The implication is that any call site API must be asynchronous (I’d recommend by returning a promise), because we can’t know ahead of time if we can definitely complete the full update cycle synchronously. For case 1, the optimistic update or error could be used to immediately resolve call-site promises. For case 2, the call-site promises should be resolved only once the server update/error is received.

I would propose before working on the call-site API, we should first focus on the existing basic API, which will in any case be a pre-requisite for call-site promises. It will also get the infrastructure set up needed for transmitting the error from the server to the client. I propose updating the client subscription callbacks so they receive (state, error) instead of just (state), so a plain JS user of the client can do something like:

// state should be defined even when we provide error to preserve backwards compatibility
client.subscribe((state, error) => {
  if (error) console.error(error.type);
});

client.moves.invalidMove();
// logs 'action/invalid_move'

The React client abstracts the plain JS client by spreading state into a board component’s props.
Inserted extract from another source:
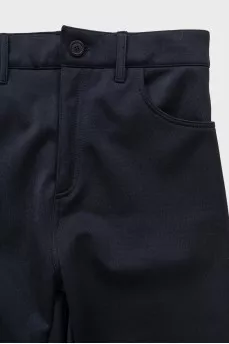 Black tapered trousers with zippers on the trousers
I guess we would add the error there directly, so a board might look like:

const Board = ({ moves, error }) => {
  return error
    ? <p>Error: { error.type }</p>
    : <button onClick={() => moves.invalidMove()}>Move</button>;
};
// Clicking the move button causes the paragraph to read “Error: action/invalid_move”

I’m also open to a more descriptive name, like actionError, which is more important in React because it’s a named prop rather than just a function parameter.

According to this model the parts of closing this issue are:

  1. Raise error transients from the reducer (done in #940).
  2. Wire up server, client, and reducer to pass errors to subscribers.
  3. Emit errors from the server for the errors the master raises (not just reducer errors)
  4. Set up a call-site API to allow for action dispatchers to return promises.

What do you think?

I’ll take a stab at this.